INPUT RECORDS:
....................

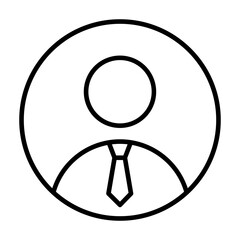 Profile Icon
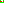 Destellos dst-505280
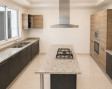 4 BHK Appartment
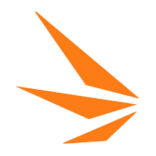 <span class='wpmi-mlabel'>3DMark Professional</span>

....................

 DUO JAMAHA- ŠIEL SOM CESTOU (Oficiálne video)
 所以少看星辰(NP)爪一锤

....................

TASK TO COMPLETE: Exactly the lines starting at the one above with "Profile Icon" and ending at the one with "<span class='wpmi-mlabel'>3DMark Professional</span>" should be printed, and nothing else. Omit the pictures.

TASK SOLUTION:
 Profile Icon
 Destellos dst-505280
 4 BHK Appartment
 <span class='wpmi-mlabel'>3DMark Professional</span>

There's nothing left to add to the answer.